Но рукой своей завладеть позволяю. Чем бы дитя ни тешилось, лишь бы целоваться не лезло… и между ног.

Поединок довольно затяжной и, как по мне, скорее бы уже закончился. Лучше точку поставить в споре, чем вот так нервничать и маяться, словно на углях.

Еще через жутко резиновую минуту оба бойца уже не тратят силы понапрасну, каждый удар выверенный и продуманный. Шаги не столь плавные, чуть покачивающиеся. Взгляды из-под бровей верхней защиты.

Противники явно вымотаны.

Разумная мысль упорхает, когда замечаю едва заметный кивок Лианга.

Сердце конвульсивно дергается. Перевожу взгляд на клетку.

Несмотря на свирепость Ю Ли, — а он явно прибавляет в скорости и разящих ударах, — Ромка смотрится просто потрясающе. Эдакий медведь, — вроде неспешный и ленивый, но на деле опаснейшее животное на планете. Он в быстроте не уступает другим хищникам и по мощи тяжеловесам, а по расчетливости — хитрым и смекалистым.

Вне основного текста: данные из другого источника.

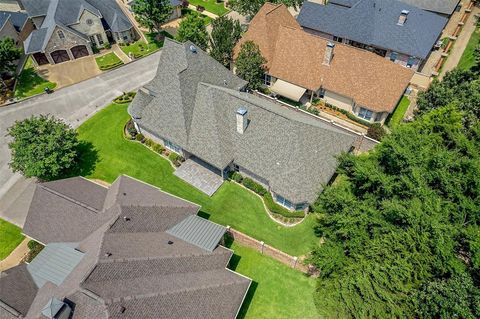 A home in Tyler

Танцует по рингу конечно не так споро, как Ю Ли, но весьма маневренно. В угол себя зажать не позволяет.

Противники обмениваются пробными толчками, ударами, промахами. Обманками выводят друг друга на эмоции, выжидая более удачной ошибки от соперника.

Ромка раскачивается, подступает ближе, ускоряется… проходясь несильной серией, на последнем ударе Ю Ли позволяет Штыку попасть в лоб.

Парень от радости забывает об осторожности и вкладывает силу в очередной удар…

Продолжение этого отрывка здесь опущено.